Once home to the current pope, Benedict XVI, Regensburg is the best preserved medieval city in Germany. More than 90 percent of the city was damaged during WWII and has been rebuilt using original stone.
It was a WWII Area Headquarters and had a Messerschmitt aircraft factory and an oil refinery. It was bombed in 1943 but miraculously received little damage, with the exception of the Romanesque church of Obermünster. The belfry survived but the church was never rebuilt.
Regensburg is home to the oldest cafe in Germany. Prinzess Cafe has been making chocolates since 1676 and was the country's first coffee house, opening in 1686. One sweet treat, Heaven's Whisper, is said to be made especially for His Holiness.
From sweet to savoury, the Historic Sausage Kitchen of Regensburg serves 6000 sausages every day.

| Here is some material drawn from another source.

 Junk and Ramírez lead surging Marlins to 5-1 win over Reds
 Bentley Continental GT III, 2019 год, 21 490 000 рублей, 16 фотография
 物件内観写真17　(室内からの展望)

That's all they sell, in portions of six, eight or 10, along with plenty of sauerkraut and mustard. Oh, they do have jugs of local brew too.

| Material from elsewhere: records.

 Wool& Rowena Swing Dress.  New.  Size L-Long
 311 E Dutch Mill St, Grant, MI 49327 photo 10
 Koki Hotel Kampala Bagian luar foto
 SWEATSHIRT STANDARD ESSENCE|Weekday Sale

The kitchen is in a 900-year-old building and provided food for Roman workers who built the stone bridge next door.
Eighteen hours on, Scenic Pearl reached Nuremberg. It had great significance during the Nazi Germany area and was the site of the huge Nuremberg rallies between 1927 and 1938. Hitler used the rallies as Nazi propaganda events. At the 1935 rally, Hitler ordered the Reichstag to convene and pass the anti-Semitic Nuremberg Laws revoking German citizenship for all Jews.
Between 1945 and 1946, German officials involved in the Holocaust and other war crimes were brought before an international tribunal in the Nuremberg Trials.

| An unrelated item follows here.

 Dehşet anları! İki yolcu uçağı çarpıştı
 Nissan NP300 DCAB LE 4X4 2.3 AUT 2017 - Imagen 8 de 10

Quite the antithesis of the grim WWII period, Regensburg comes to twinkling life from the end of November to the end of December with the Christmas Market.
Castle-like towers of mansions built by medieval patricians magically shimmer and stalls and booths around the 500-year-old Neupfarr Church sell a glittering range of decorations. Nativity crib scenes, toys and unusual gifts. Much is handmade marionettes on strings, paintings on silk, dolls and pottery are perfect stocking fillers. Little shops in narrow streets sell Christmas treats. Biscuits, gingerbread and everyone's favourite, lebkucken.
The old town is surrounded by a 16th century wall with a moat built as added protection. Today that moat is a play area with basketball courts and a running track.
A truly delightful place is Nuremburg's Toy Museum. It was founded in 1971, based on the toy collection of Lydia and Paul Bayer. It covers four floors of a medieval building and has toys reaching back to the Middle Ages. Wooden toys, tin toys, dolls and doll houses are all there.
When you see Lily, a German doll, she just might look familiar. The American owner of Mattel visited the museum, bought a Lily for her daughter and, guess what. Barbie was born!